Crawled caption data
== Segment start ==
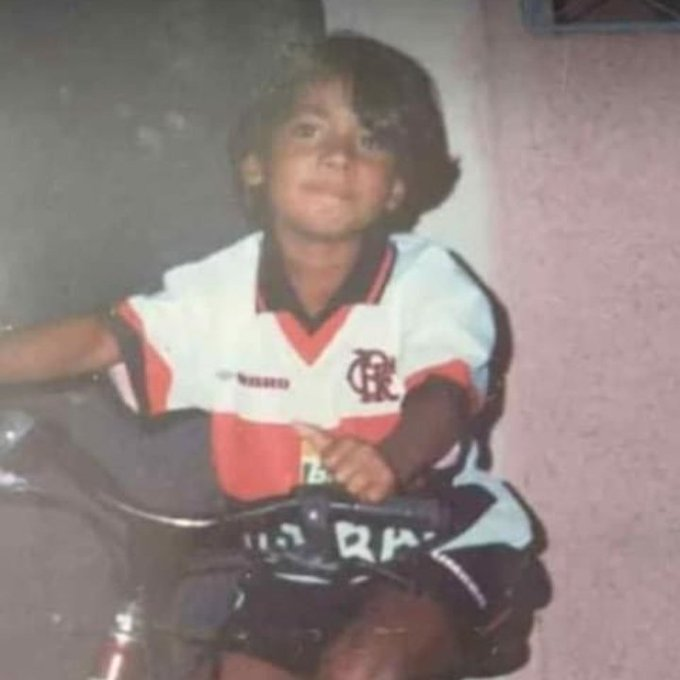 Central Das Favelas Rj 🇧🇷 tweet media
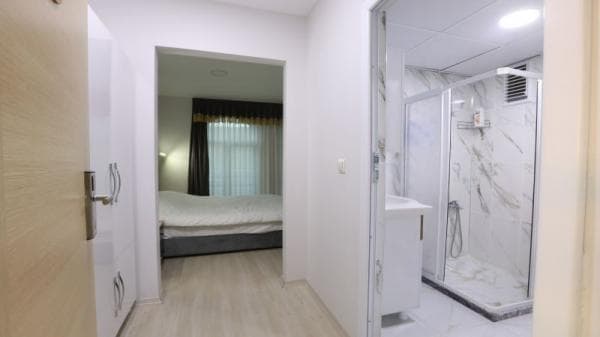 Klasik Kara Man. Oda 3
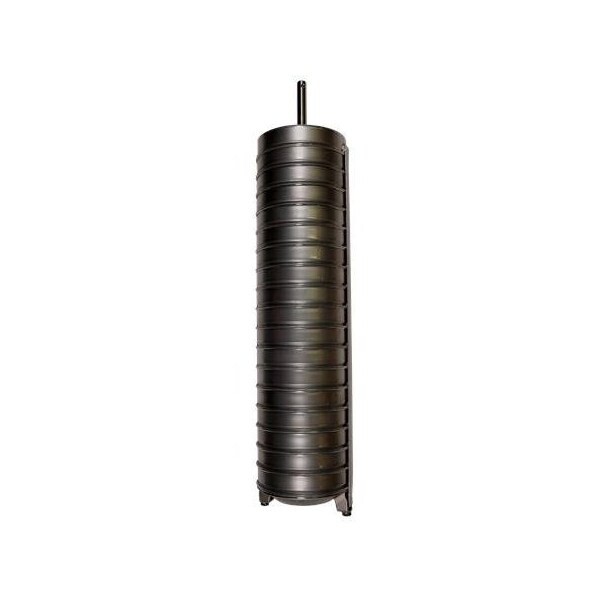 Pumps Kit, Chamber stack CR 10-17 Stack Kits, Sic/Sic Bearings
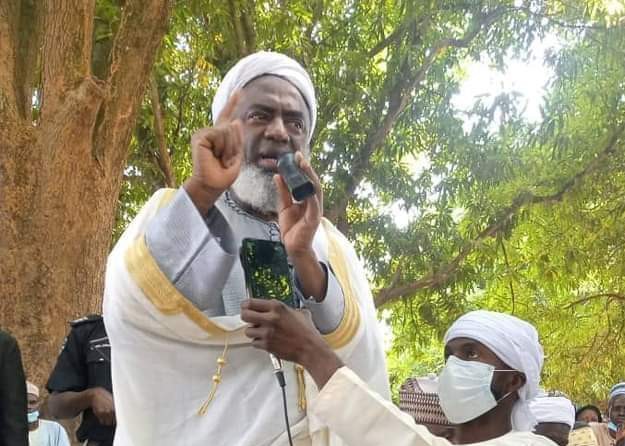 Things to know about Sheikh Ahmad Gumi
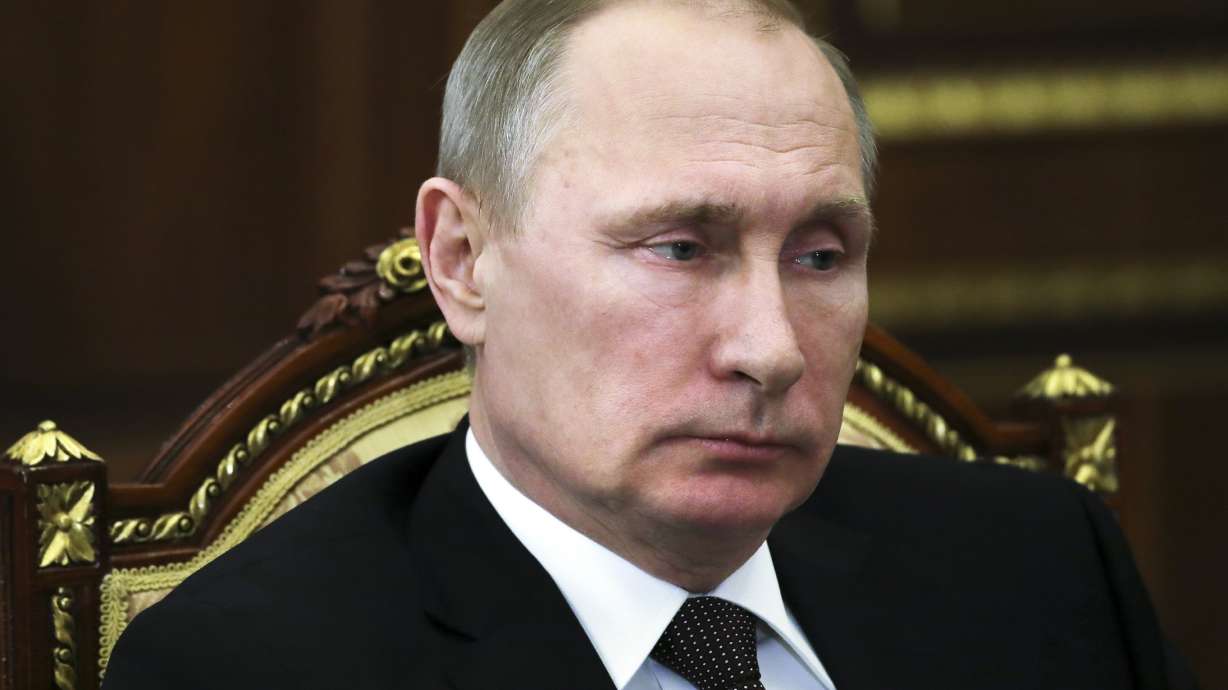 Kremlin stays mum on new US national security adviser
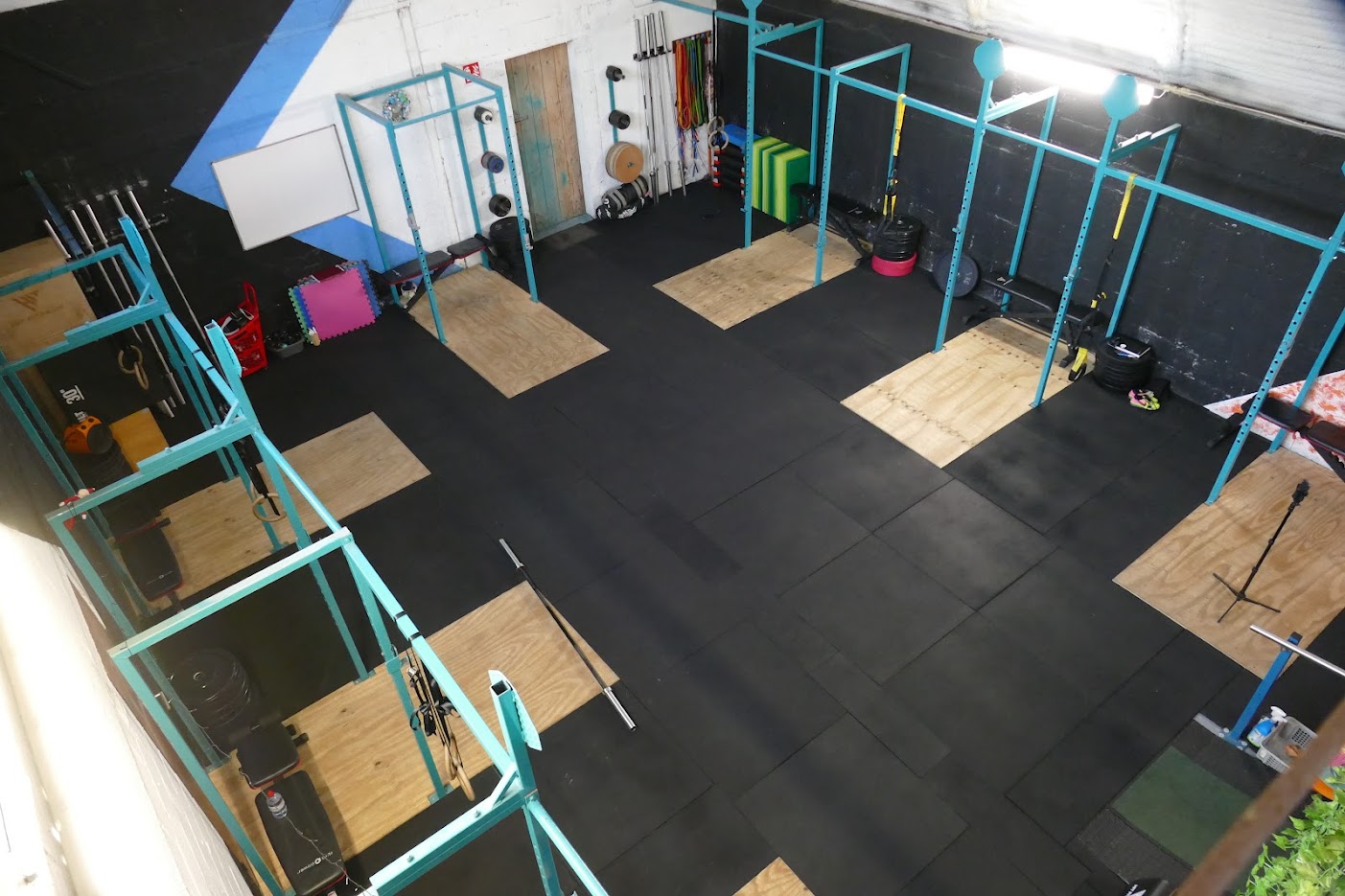 Bohemian Fitness gallery image 3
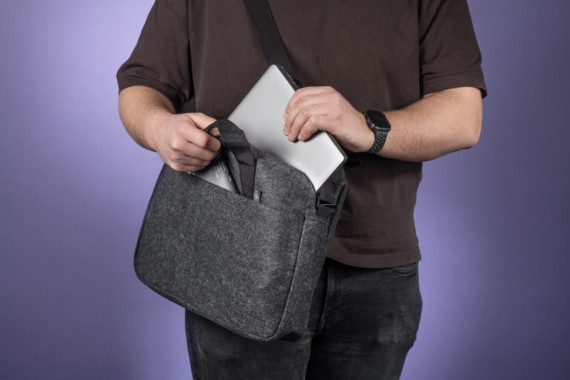 Taška na notebook TEKKO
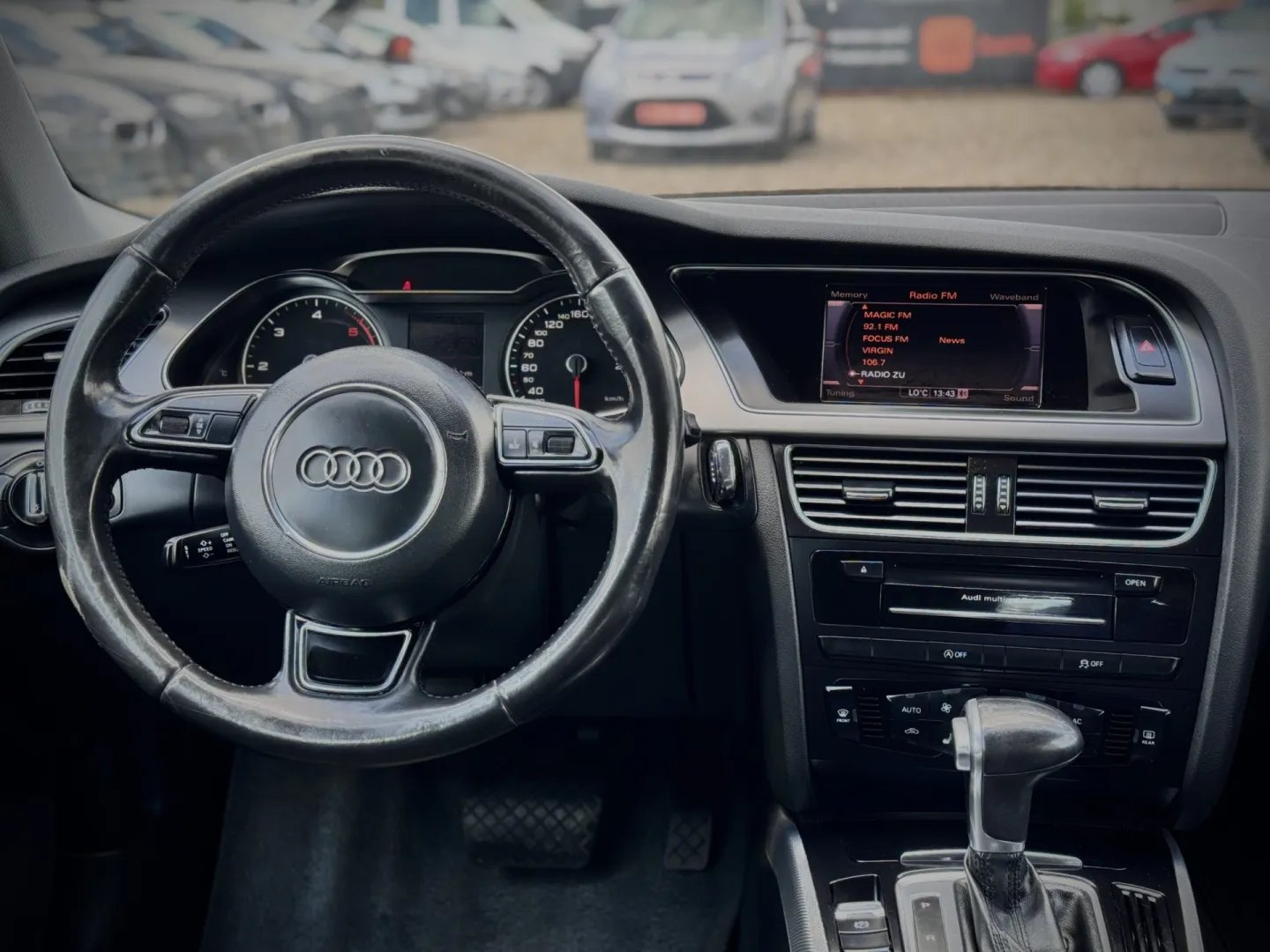 Cumpara/ Vinde online Audi A4 2012 SH, la cel mai bun pret pentru tine!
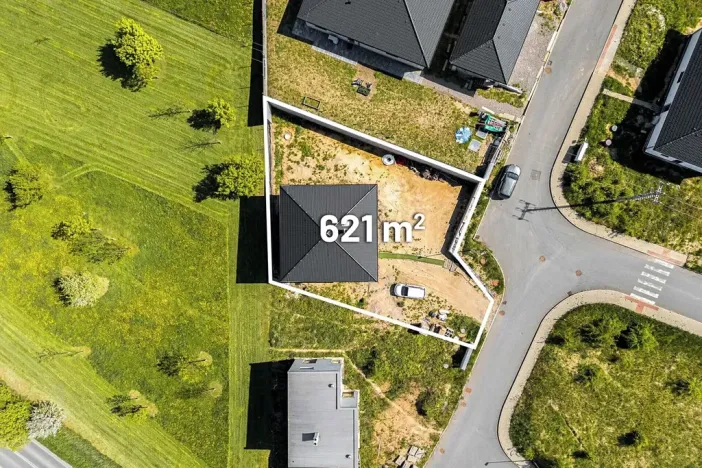 Prodej rodinného domu, Libušín, Zdeňka Hermana, 151 m2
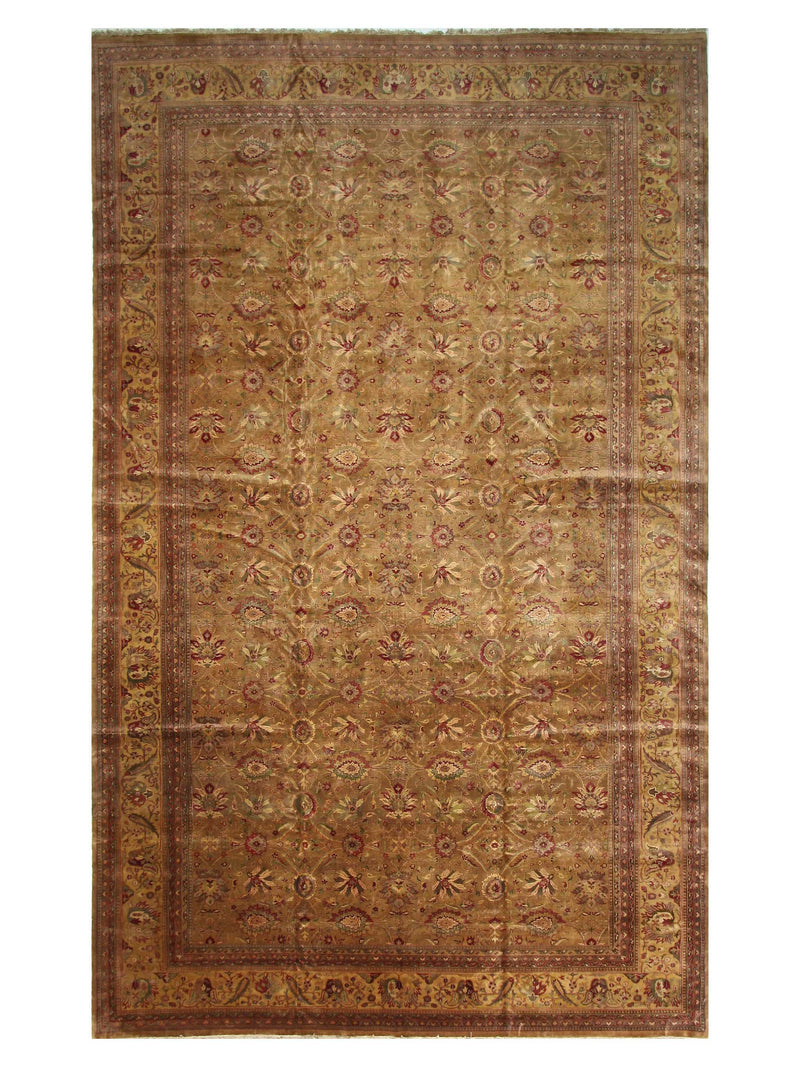 Pacific Agra  Brown Spice Traditional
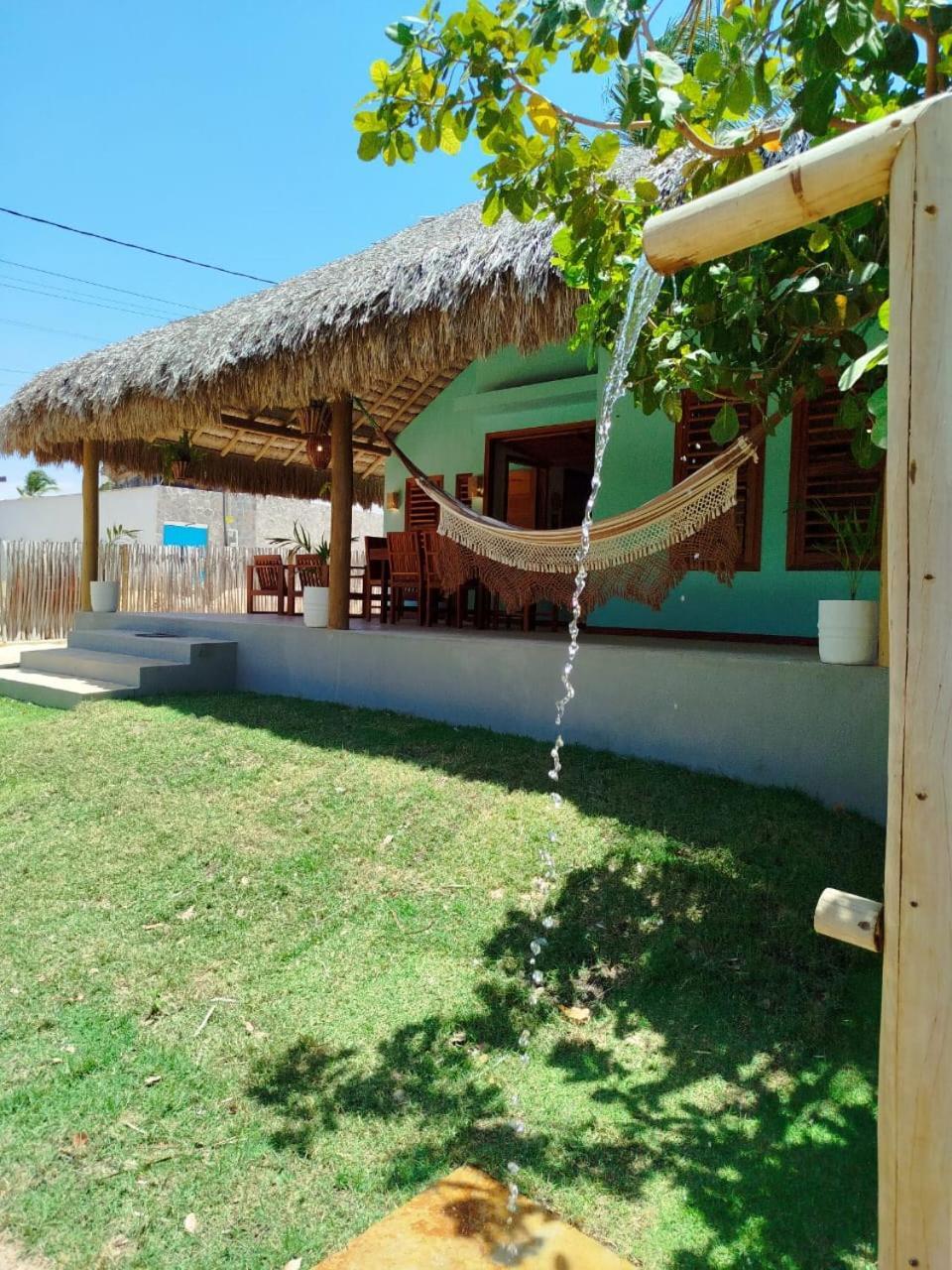 Holiday home Casa Da Lagoa - Icarai Kite Village Amontada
== Segment end ==
— REQUIRED WORK —
Exclude the pictures, and output exactly the lines from the one with "Cumpara/ Vinde online" through the last line of the records, both included.

— WRITTEN SOLUTION —
 Cumpara/ Vinde online Audi A4 2012 SH, la cel mai bun pret pentru tine!
 Prodej rodinného domu, Libušín, Zdeňka Hermana, 151 m2
 Pacific Agra  Brown Spice Traditional
 Holiday home Casa Da Lagoa - Icarai Kite Village Amontada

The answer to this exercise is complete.